What Kaci Hickox Has to Say About Court's Quarantine Decision

Maine nurse who treated Ebola patients can leave house, court rules.

"I am humbled today by the judge's decision and even more humbled by the support that we have received by the town of Fort Kent, the state of Maine, across the United States and even across the border," Hickox, 33, told reporters today from her home in Fort Kent.

A judge in Maine this morning ruled that Hickox could leave her home and spend time in public spaces despite other state officials' attempts to force her into a mandatory quarantine until a 21-day potential Ebola incubation period ends.

The judge noted in his ruling that although the state's fears may be irrational, they are real and Hickox should be mindful of them.

"I know Ebola is a scary disease," Hickox said today. "I have seen it face-to-face."

It was from the isolation tent that she called New York lawyers Norman Siegel and Steven Hyman. She said Seigel picked up the phone and the first words out of his mouth were, "Kaci, how are you?"

"From that moment, I knew I wasn't alone," Hickox said via Skype during a press conference this evening.

On Monday, she was allowed to drive home to Maine. Once there, officials first suggested a voluntary quarantine and then sought to legally enforce it.

But Hickox said she wouldn't comply because the quarantine rules weren't "scientifically valid." She said she fought the quarantine for all the other health workers expected to return from West Africa in the coming weeks.

According to the judge's order, Hickox will need to agree to active monitoring and coordinate her travel with health authorities. She must also report any symptoms she experiences to public health authorities.
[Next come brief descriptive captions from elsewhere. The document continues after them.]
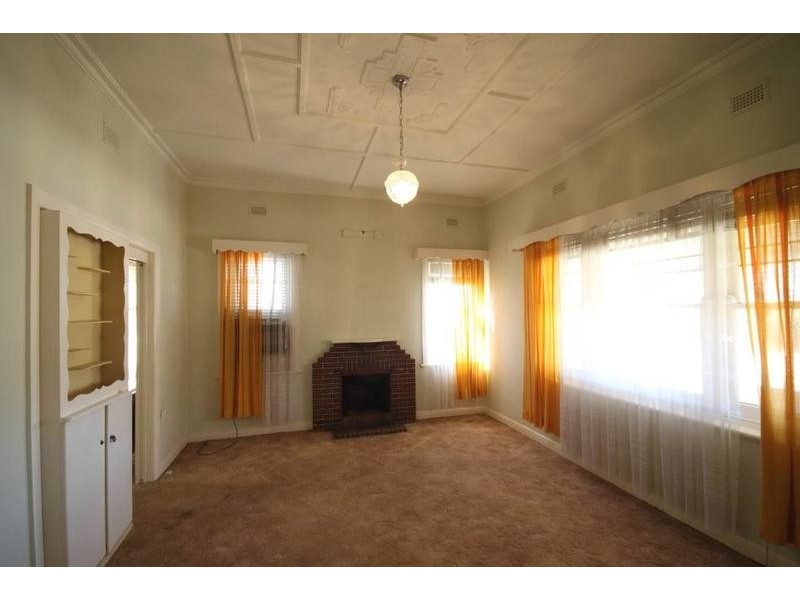 1 Diercks Road, Mannum SA 5238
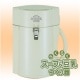 らくらくスープ&豆乳つくり器|キッチン家電|生活雑貨＆家庭用品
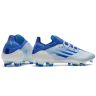 Chuteira Campo ADIDAS X Speedflow.1 FG Diamond Edge Full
A hearing has been scheduled for Tuesday, which is Election Day, but government offices are still open in Maine, Hickox's lawyers said.

Hickox said she planned to spend Halloween evening eating her boyfriend’s cooking and watching a scary movie. She said she won’t be able to take trick-or-treaters because she hasn’t been able to buy candy.

This evening, Hickox reiterated that she fought the quarantine for her fellow public health workers.

"I hope that one day if I can meet some of them at the airport, I can give them a big hug and let them know that we are in this together," she said, adding that she hopes "science and public health" can again be the focus of the Ebola outbreak, rather than politics.